Let’s fit the model and run 20 epochs

#fit the model from image generator
history = model_lenet5.fit(
            train_rescale_ds,
            batch_size=32,
            epochs=20,
            validation_data=val_rescale_ds
)

We see even lower validation accuracy with this model and you might see high training accuracy, indicating overfitting. There are techniques such as data-augmentation and adding Dropout layers to the model, to overcome overfitting. Time permitting we will disscuss them.

VGG16

Let’s now create a VGG16 model. For this we will use the pre-trained VGG16 model.

# Import VGG16 model from Keras applications
from keras.applications.vgg16 import VGG16

#Load the pre-trained VGG16 model with weights trained on ImageNet
vgg_model = VGG16(weights='imagenet', include_top = False, input_shape = (150,150,3))
vgg_model.summary()

# Making all the layers of the VGG model non-trainable. i.e. freezing them
for layer in vgg_model.layers:
    layer.trainable = False

# Initializing the model
new_model = models.Sequential()

# Adding the convolutional part of the VGG16 model from above
new_model.add(vgg_model)

# Flattening the output of the VGG16 model because it is from a convolutional layer
new_model.add(layers.Flatten())

# Adding a dense input layer
new_model.add(layers.Dense(32, activation='relu'))

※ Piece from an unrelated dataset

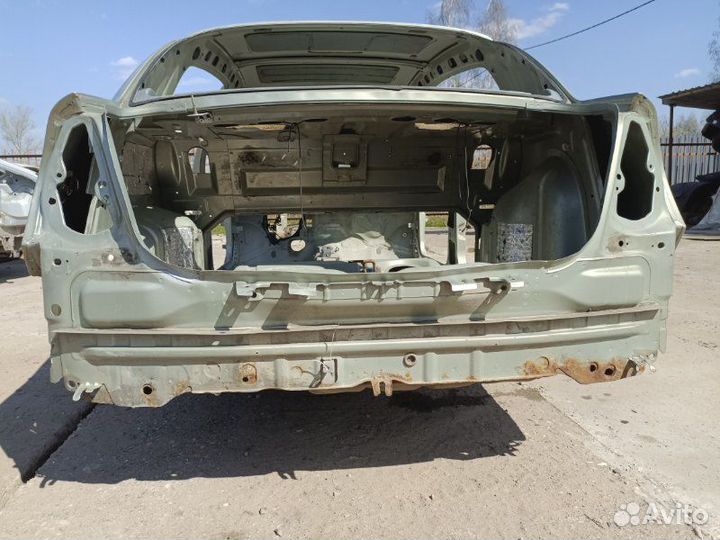 Задняя панель кузова Renault Symbol седан 1.4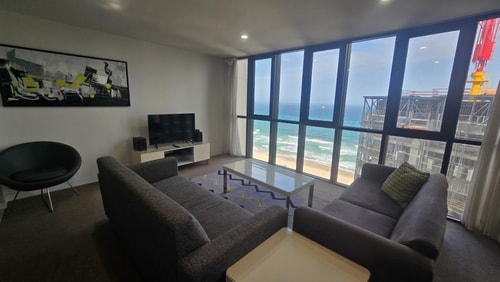 Sea Side Comfortable Apartment in Surfers Paradise 30 Serain Residences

# Adding dropout prevents overfitting
new_model.add(layers.Dropout(0.2))

# Adding second input layer
new_model.add(layers.Dense(32, activation='relu'))

# Adding output layer
new_model.add(layers.Dense(3, activation='softmax'))

# Compiling the model
new_model.compile(optimizer='adam', loss='sparse_categorical_crossentropy', metrics=['accuracy'])
# Summary of the model
new_model.summary()

#fit the model from image generator
history = new_model.fit(
            train_rescale_ds,
            batch_size=32,
            epochs=20,
            validation_data=val_rescale_ds,
)

test_loss, test_accuracy = new_model.evaluate(test_rescale_ds, verbose=0)

It turns out that this model gives us the best validation and test accuracy to solve the food classification problem.